Moreover, there is a larger set of \(2^{96}\) weak keys for which \(v_1^{\otimes 16}\) and \(v_2^{\otimes 16}\) are still invariants for the whole cipher. This is due to the fact that Midori-64 alternates round keys, and because \(C^{\mathsf S} v_2 = -v_4\) and \(C^{\mathsf S} v_4 = v_2\). However, neither \(v_2\) nor \(v_4\) corresponds to a nonlinear invariant for \(\mathsf S\). One can think of the invariant obtained here as a ‘remnant’ of the stronger – yet valid for fewer keys – invariant described above. The supplementary material of the extended version [7] contains additional details regarding the preceding claims.    \(\vartriangleright \)

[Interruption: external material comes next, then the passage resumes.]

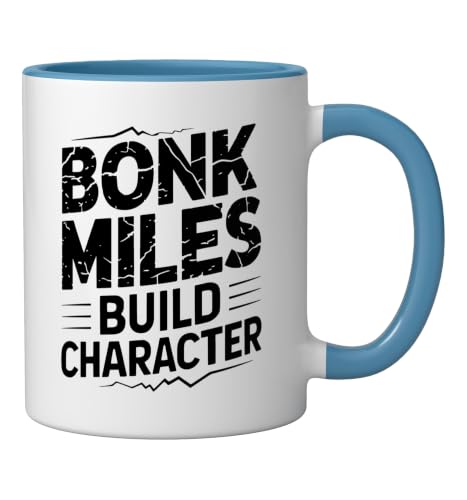 Mountain Trail Runner Who Packs Gels Still Bonks Mile Twelve Ceramic Mug, Blue/White, 11oz - color: Blue/White, size: 11 Ounces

In general, a one-dimensional periodically repeating perfect approximation for a function \(\mathsf {F}\) must be an eigenvector of \([C^\mathsf {F}]^l\) with eigenvalue one for some positive integer l. These eigenvectors are linear combinations of the eigenvectors of \(C^\mathsf {F}\) with eigenvalues of order divisible by l.

4.2 Zero-Correlation Approximations

Zero-correlation linear approximations were introduced by Bogdanov and Rijmen [13]. They correspond to linear approximations \((\mathrm {span}\{\delta _\psi \}, \mathrm {span}\{\delta _\chi \})\) such that \(C^\mathsf {F}_{\chi , \psi } = 0\). That is, \(\delta _\chi \) is orthogonal to \(C^\mathsf {F}\delta _\psi \). This corresponds to the geometric situation sketched in Fig. 1b, motivating the following definition.

Definition 4.4

(Zero-correlation approximation). Let \(\mathsf {F}: G \rightarrow H\) be a function. An approximation (UV) such that \(V \perp C^\mathsf {F}U\) will be called a zero-correlation approximation for \(\mathsf {F}\). Equivalently, all principal correlations of a zero-correlation approximation (UV) are zero.

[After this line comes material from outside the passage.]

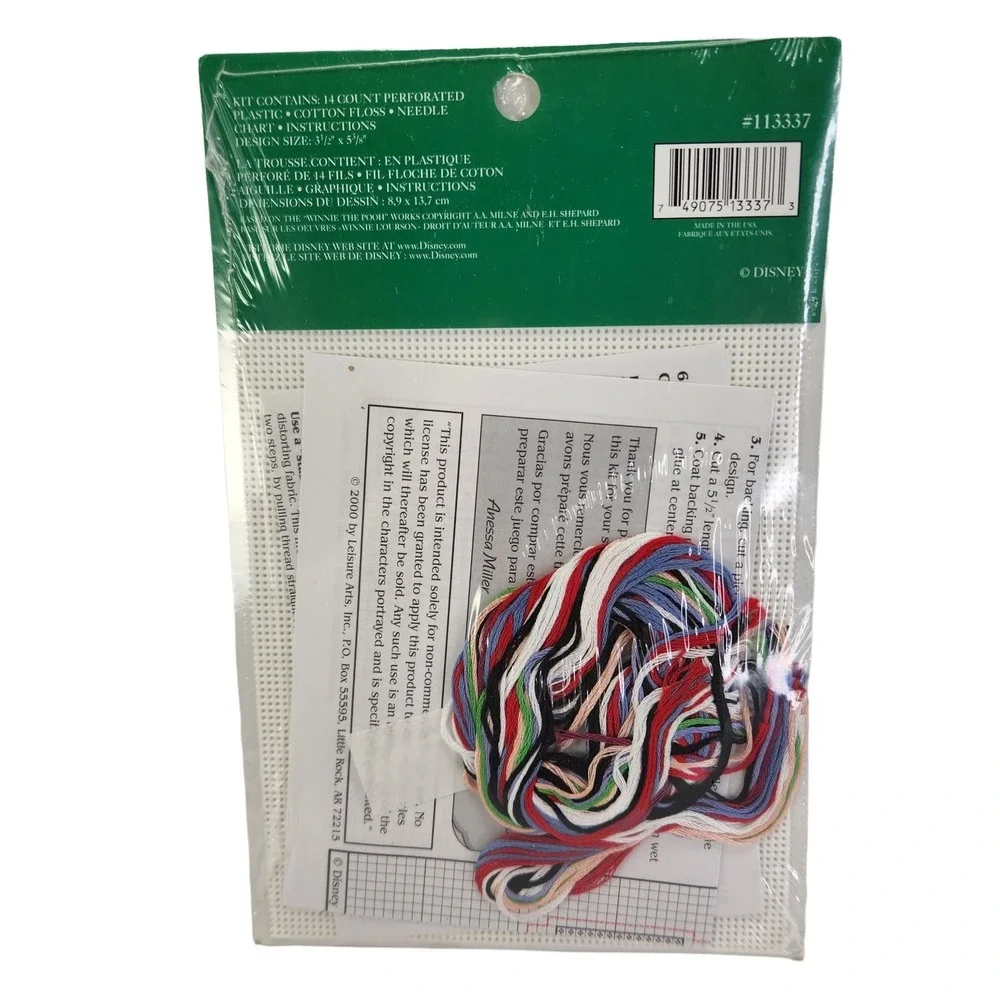 Disney Eeyore Candy Cane Ornament Counted Cross Stitch Kit Perforated Plastic Nw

Zero-correlation and perfect approximations are closely related, despite being opposite extremes. In fact, this is clear from a geometrical point of view, see for instance Figs. 1a and 1b.

Theorem 4.2

If (UV) is a zero-correlation approximation, then \((U, V^\perp )\) is a perfect approximation and conversely.

Proof

Since (UV) is a zero-correlation approximation, any \(v \in C^\mathsf {F}{} U\) is orthogonal to V. Hence, \(C^\mathsf {F}{} U \subseteq V^\perp \). The proof of the converse result is analogous.

   \(\square \)

The statement and proof of Theorem 4.2 are deceptively simple, but the result is powerful. Indeed, it generalizes the well-known correspondence between multidimensional linear zero-correlation approximations and integral properties, first noted by Bogdanov et al. at ASIACRYPT 2012 [12]Footnote 2 and discussed futher by Sun et al. [35].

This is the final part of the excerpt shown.